# Passenger #'s dropping, Sacramento airport looks at budget cuts



## Blackwolf (Dec 14, 2013)

While SMF (Sacramento International Airport) has some particular issues regarding ultra-high "user fees" when compared with the rest of the airline industry as well as over $1 Billion in construction debt, they are not alone.

Indeed, when it comes to small and medium-sized "regional" airports, Sacramento Airports Commissioner John Wheat sums it up pretty clear:



> “We’ve seen a tremendous reduction in passengers,” Wheat said. “Unfortunately, we have not quite bottomed out yet.”


And as SouthWest Airline's airports manager Chris Czarnecki states:



> Industry experts say Sacramento’s financial challenges are similar to those facing other medium-sized airports, including San Jose, Oakland and San Diego. “It is really a reflection of the new economics of the airline industry more than anything,” Southwest’s Czarnecki said.


I recall a discussion here on AU at some point in the recent past about a predicted decline of domestic air travel, and that effect on these Billion Dollar airport terminals that dot the US as a result. Indeed, we're not seeing "regional jets" being solely used to ferry between smaller airports and hubs any more. With the announcement yesterday from American to buy dozens of new CRJ's and Embraer jets, the trend of using small "regional jets" on main-line flights is strongly looking to be the new normal. Which might mean a sizable reduction of service to anything but the biggest hubs.

Sacramento Bee article:

Passenger levels dropping, Sacramento airport looks at budget cuts



*EDIT* to remove multiple automatic hyperlinks.


----------



## jis (Dec 14, 2013)

I am surprised that Sacramento thinks it is in the same league as San Jose, which is starting to get many international flights to the Pacific basin.


----------



## rickycourtney (Dec 14, 2013)

Also I would argue that SMF isn't in the same league as Oakland either. OAK is one of Southwest's de-facto hubs and it serves a million more passengers each year.

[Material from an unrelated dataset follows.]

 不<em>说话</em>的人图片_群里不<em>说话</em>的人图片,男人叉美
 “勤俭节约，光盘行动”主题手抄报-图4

Another issue is that it is becoming more cost effective to fly regional jets to smaller airports.

A few years ago it was cheaper to drive from Fresno to Sacramento and catch a flight. Now a flight from SEA-LAX-FAT is cheaper than flying SEA-SMF and driving back to Fresno. I know that's true because I priced it out yesterday.


----------



## calwatch (Dec 16, 2013)

They built that massive Terminal B complex with a fancy train and modern screening facilities, while sitll keeping Terminal A the way it is. It may be beneficial to consolidate the two terminals, and it would certainly save on the costs of having duplicate security checkpoints and airside facilities. But I'm not sure traffic has dropped to that level yet.


----------